Supplied records:
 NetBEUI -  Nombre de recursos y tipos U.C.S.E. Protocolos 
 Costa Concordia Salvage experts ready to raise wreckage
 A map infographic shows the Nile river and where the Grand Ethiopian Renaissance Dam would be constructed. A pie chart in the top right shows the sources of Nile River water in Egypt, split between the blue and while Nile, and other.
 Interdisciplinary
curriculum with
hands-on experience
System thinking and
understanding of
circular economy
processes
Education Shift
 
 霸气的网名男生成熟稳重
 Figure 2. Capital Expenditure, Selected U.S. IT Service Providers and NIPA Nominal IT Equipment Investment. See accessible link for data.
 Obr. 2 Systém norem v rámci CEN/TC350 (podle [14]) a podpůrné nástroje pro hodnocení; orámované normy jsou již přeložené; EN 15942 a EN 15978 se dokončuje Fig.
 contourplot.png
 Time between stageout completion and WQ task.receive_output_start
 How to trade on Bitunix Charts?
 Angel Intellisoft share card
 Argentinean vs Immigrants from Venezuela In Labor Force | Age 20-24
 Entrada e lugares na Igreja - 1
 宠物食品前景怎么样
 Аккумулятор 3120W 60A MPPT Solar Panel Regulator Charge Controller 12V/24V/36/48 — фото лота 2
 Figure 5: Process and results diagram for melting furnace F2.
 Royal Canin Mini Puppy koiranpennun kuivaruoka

Your assignment:
In the listing above, locate the line containing "understanding of" and the line containing "Figure 2. Capital". Transcribe those two lines and everything between them, exactly as written.

Expected output:
understanding of
circular economy
processes
Education Shift
 
 霸气的网名男生成熟稳重
 Figure 2. Capital Expenditure, Selected U.S. IT Service Providers and NIPA Nominal IT Equipment Investment. See accessible link for data.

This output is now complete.